The web page is located at:
- https://en.wikipedia.org/wiki/List_of_countries_by_GDP_(nominal)

In the end we will have a pandas data frame of GDPs for each country in 2017.

In [None]:
WP_URL = "https://en.wikipedia.org/wiki/List_of_countries_by_GDP_(nominal)"

# Fake the user agent so the web page thinks we access it as a regular human user
web_page = bs4.BeautifulSoup(requests.get(WP_URL, headers={
    "UserAgent": "Mozilla/5.0 (X11; Linux x86_64) AppleWebKit/537.36 (KHTML, like Gecko) Chrome/65.0.3325.183 Safari/537.36"
}).text, "lxml")

imf_table = web_page.find_all(name="table", attrs={"class": "wikitable"})[0]
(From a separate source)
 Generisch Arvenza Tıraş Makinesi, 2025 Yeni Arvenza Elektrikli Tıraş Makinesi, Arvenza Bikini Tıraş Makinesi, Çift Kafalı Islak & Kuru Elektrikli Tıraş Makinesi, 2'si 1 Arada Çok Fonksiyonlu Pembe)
# Get the column names of our dataframe. 
# `children` is an iterator and to index it we must first convert it to a list.
columns = list(imf_table.tbody.children)[0]
columns = [elem.text.strip("\n ") 
           for elem in columns 
           if type(elem) != bs4.NavigableString]

rows = []

for i, row in enumerate(imf_table.tbody.find_all("tr")):
    # Skip the header
    if i <= 1 or type(row) == bs4.NavigableString:
        continue

    tds = row.find_all("td")
    
    rank         = tds[0].text
    country_name = tds[1].text
    gdp          = tds[2].text
    
    rows.append((rank, country_name, gdp))
    
data_frame = pd.DataFrame(rows, columns=columns)

data_frame.head()

Unnamed: 0,Rank,Country,GDP(US$MM)
0,1,United States,"19,390,600\n"
1,—,European Union[n 1][19],"17,308,862\n"
2,2,China[n 2],"12,014,610\n"
3,3,Japan,"4,872,135\n"
4,4,Germany,"3,684,816\n"


Our data frame is full of unclean data and all are of type object.
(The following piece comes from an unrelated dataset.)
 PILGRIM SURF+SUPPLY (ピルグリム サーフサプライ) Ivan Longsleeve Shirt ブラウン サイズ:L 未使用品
Our next step is to clean our data.

In [None]:
import re

def clean_country(c):
    try:
        return re.findall(pattern="(.+)\[.+", string=c)[0].strip("\xa0")
    except:
        return c
    
# One call removes one set of brackets [] so two calls to fix EU if EU is fixable...
data_frame.Country = data_frame.Country.apply(clean_country)
data_frame.Country = data_frame.Country.apply(clean_country)
                    
data_frame.rename({"GDP(US$MM)": "GDP"}, inplace=True, axis=1)
data_frame.GDP = data_frame.GDP.apply(lambda gdp: gdp.replace("\n", "").replace(",", ""))

# Fix 77,460/Na for Syria
data_frame.GDP.replace("77460/Na", "77460", inplace=True)

data_frame.GDP = data_frame.GDP.astype(np.float64)

In [None]:
data_frame.info()

<class 'pandas.core.frame.DataFrame'>
RangeIndex: 193 entries, 0 to 192
Data columns (total 3 columns):
Rank       193 non-null object
Country    193 non-null object
GDP        193 non-null float64
dtypes: float64(1), object(2)
memory usage: 4.6+ KB


In [None]:
data_frame.head()

Unnamed: 0,Rank,Country,GDP
0,1,United States,19390600.0
1,—,European Union,17308862.0
2,2,China,12014610.0
3,3,Japan,4872135.0
4,4,Germany,3684816.0


## Your very own scrapper

Pick a website of your choice and scrap the data into a pandas dataframe and clean it afterwards.